1. Although this farbrengen is being held the night after “Zos Chanukah” (the last day of Chanukah), it is still connected with Chanukah, for in many holy matters the night is part of the previous day. In addition, as in most festivals which have an additional day because of doubt as to the exact date of the festival,1 there is a basis for postulating that Chanukah too should have an extra day; in which case, tonight would be the ninth night of Chanukah.2 Moreover, the moral evaluation of a day’s actions is done at the time of the prayer before retiring at night.3 Thus the self-evaluation of the last day of Chanukah is done now, tonight.

Even though introspection and self examination comprise one of the most important services of man, it cannot be carried out constantly, during every minute. For then, there would be no time for anything else; and nothing would get done. Instead, Torah has instituted special times for a moral self-evaluation.

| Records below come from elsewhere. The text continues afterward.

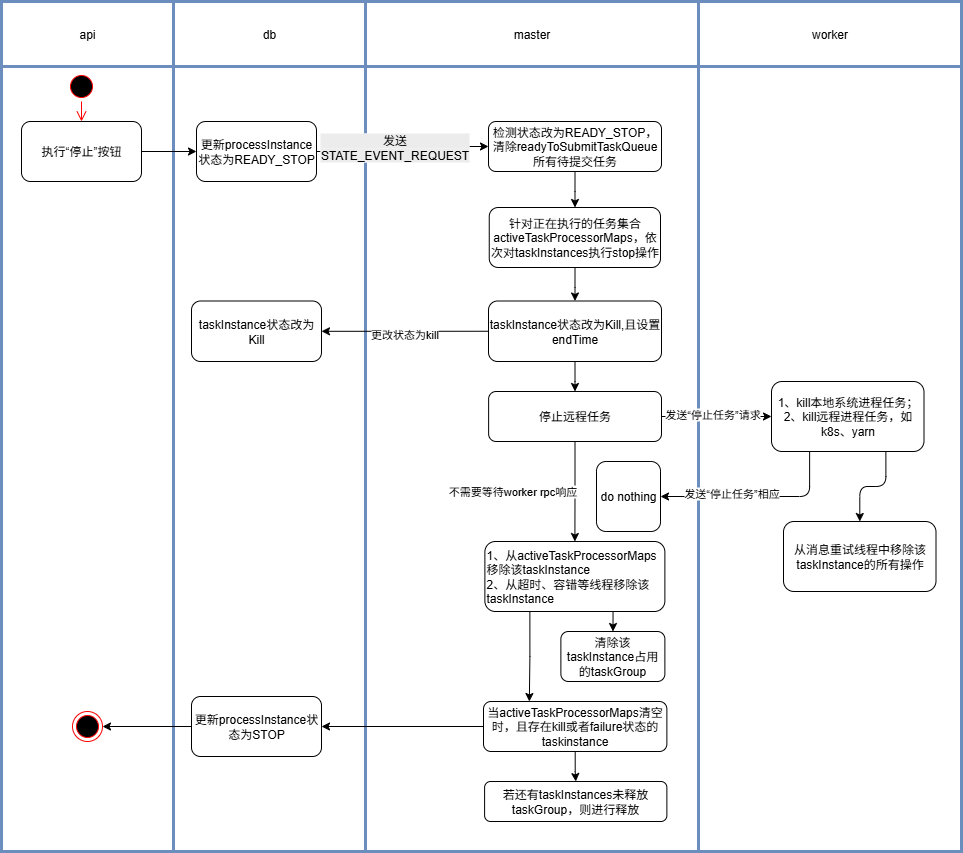 任务停止流程l.drawio.png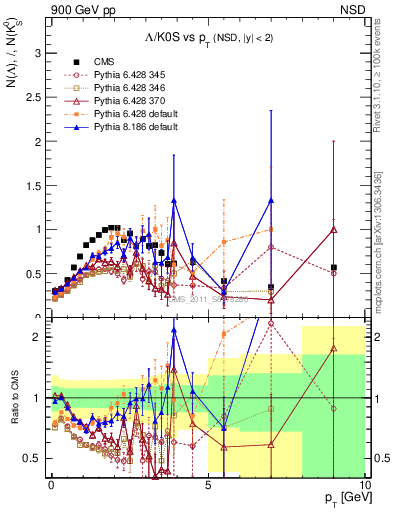 Plot of L2K0S_pt in 900 GeV pp collisions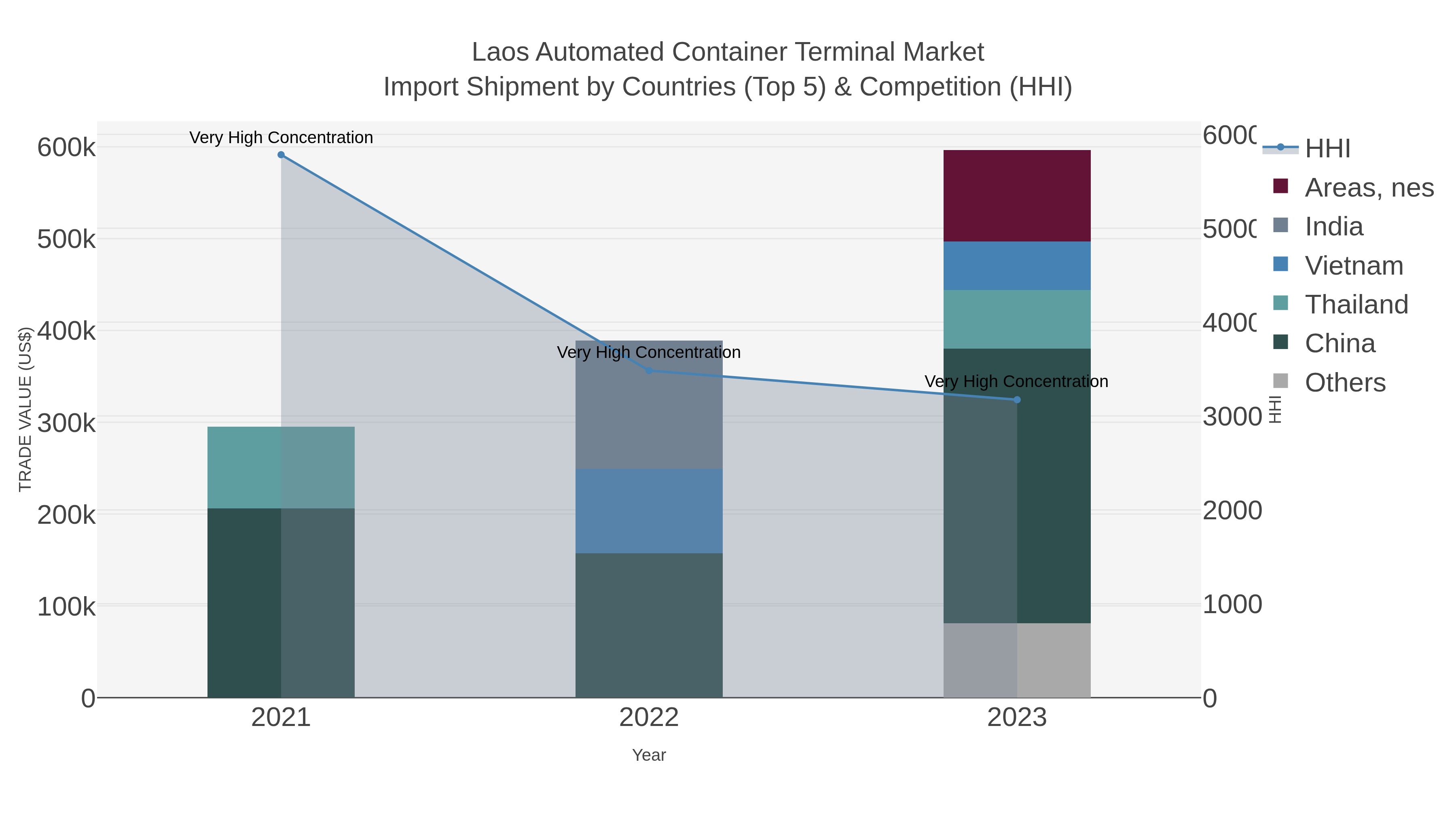 Laos Automated Container Terminal Market Import Shipment by Countries (Top 5) & Competition (HHI)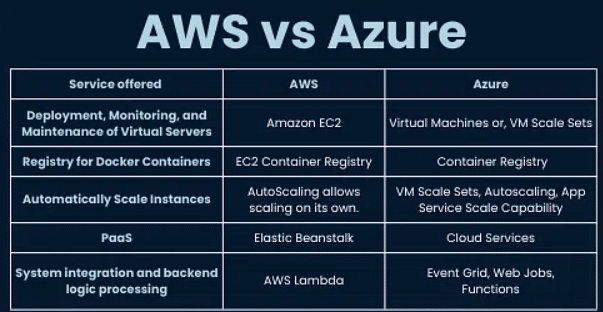 AWS Vs. Azure Comparison: Choosing the Right Cloud Platform - projectcubicle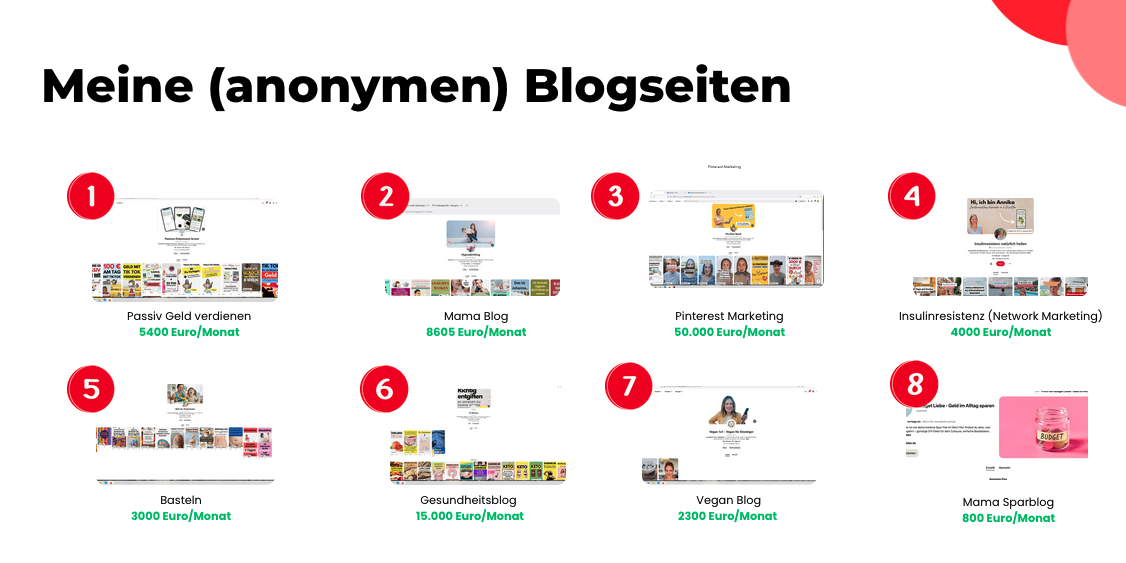 Ein paar alte und neuere Pinterest Seiten von mir Ein paar alte und neuere Pinterest Seiten von mir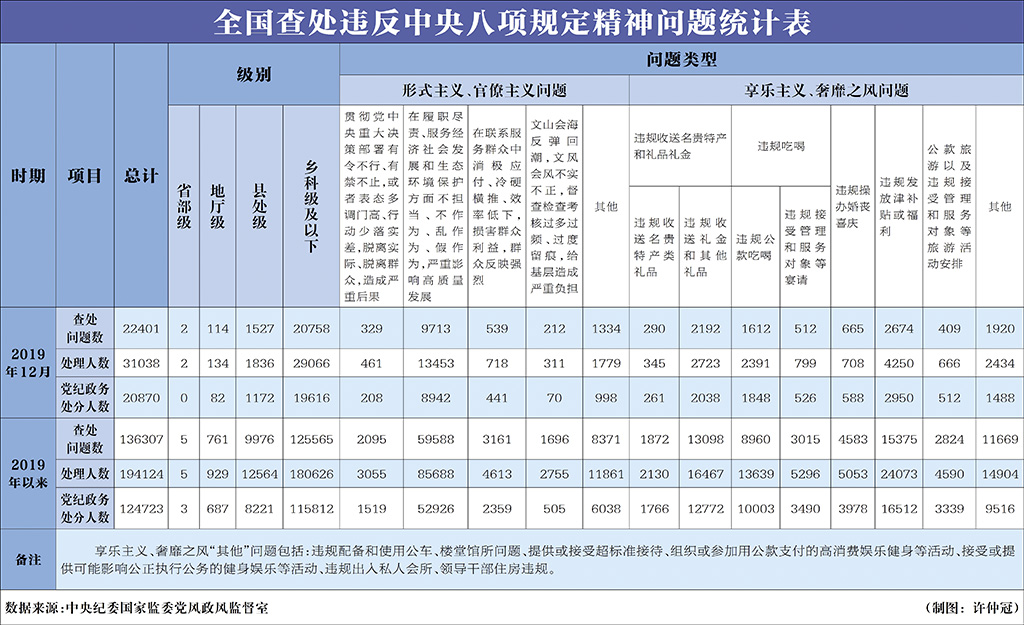 中央纪委国家监委首次公布4类形式主义官僚主义问题查处数据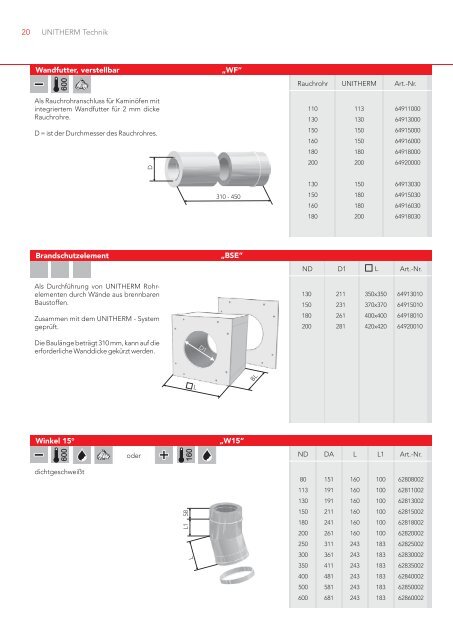 heatingthroughinnovation. - Vogelundnoot.com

In the course of an entire year, a special month is dedicated for that purpose — the month of Elul. In each individual month, the day before Rosh Chodesh of the new month is set apart for a reckoning of the previous month. Every week, erev Shabbos (Friday) is apportioned for self-examination, so that one may enter Shabbos in the proper manner.4 Each day, the special time set aside for examination of that day’s deeds is the time of the prayer before retiring at night.

Although right now there is still some time before we retire for the night, nevertheless, a proper self-evaluation needs preparation. For one may easily underestimate his qualities (leading to dissipation of useful skills), or overestimate his qualities (leading to insufficient corrections) thus resulting in a false accounting. And therefore now, several hours before the prayer before retiring at night, is the right time to make the proper preparations for a true accounting.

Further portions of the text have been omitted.